Wherever the string "Honda" appears in the entries below, return the line that holds it.

[Records from a dataset]
■ ■ ■ ■ ■
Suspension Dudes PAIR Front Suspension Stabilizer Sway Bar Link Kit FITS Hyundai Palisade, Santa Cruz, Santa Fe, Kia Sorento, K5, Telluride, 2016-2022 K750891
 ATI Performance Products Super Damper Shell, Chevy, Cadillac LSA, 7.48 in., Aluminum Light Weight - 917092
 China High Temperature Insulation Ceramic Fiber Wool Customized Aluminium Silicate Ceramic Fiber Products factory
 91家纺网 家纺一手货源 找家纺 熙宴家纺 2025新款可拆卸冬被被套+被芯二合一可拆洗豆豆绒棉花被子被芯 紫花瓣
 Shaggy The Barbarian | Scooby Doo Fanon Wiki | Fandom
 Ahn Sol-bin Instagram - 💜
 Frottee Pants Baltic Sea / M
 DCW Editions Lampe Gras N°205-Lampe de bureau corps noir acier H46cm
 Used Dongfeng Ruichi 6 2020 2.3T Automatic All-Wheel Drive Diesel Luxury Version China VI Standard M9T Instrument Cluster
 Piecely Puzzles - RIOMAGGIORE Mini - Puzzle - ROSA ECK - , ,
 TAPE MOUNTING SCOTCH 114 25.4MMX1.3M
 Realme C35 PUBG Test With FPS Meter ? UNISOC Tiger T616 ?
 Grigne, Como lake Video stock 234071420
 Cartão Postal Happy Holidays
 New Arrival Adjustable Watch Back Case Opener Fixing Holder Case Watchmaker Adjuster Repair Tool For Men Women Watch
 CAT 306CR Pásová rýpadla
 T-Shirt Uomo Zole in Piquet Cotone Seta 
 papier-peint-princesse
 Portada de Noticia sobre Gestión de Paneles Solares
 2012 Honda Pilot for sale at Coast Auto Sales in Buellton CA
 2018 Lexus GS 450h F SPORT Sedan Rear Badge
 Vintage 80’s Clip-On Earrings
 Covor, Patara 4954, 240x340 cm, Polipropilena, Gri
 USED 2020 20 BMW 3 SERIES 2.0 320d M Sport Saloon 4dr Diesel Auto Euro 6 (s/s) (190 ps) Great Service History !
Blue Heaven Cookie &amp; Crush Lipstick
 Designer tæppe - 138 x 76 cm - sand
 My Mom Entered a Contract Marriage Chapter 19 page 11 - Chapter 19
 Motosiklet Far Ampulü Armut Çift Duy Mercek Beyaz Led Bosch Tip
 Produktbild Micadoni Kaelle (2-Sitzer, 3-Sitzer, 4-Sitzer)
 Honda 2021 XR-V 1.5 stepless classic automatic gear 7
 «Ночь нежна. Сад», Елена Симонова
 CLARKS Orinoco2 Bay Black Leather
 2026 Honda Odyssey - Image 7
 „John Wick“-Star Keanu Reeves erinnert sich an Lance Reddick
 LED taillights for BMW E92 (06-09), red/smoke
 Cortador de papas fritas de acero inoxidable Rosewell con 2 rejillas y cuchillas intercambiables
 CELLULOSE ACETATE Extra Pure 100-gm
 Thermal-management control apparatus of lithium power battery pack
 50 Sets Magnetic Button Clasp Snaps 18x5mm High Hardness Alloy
■ ■ ■ ■ ■
**ANSWER TO THIS TASK**.
 2012 Honda Pilot for sale at Coast Auto Sales in Buellton CA
 Honda 2021 XR-V 1.5 stepless classic automatic gear 7
 2026 Honda Odyssey - Image 7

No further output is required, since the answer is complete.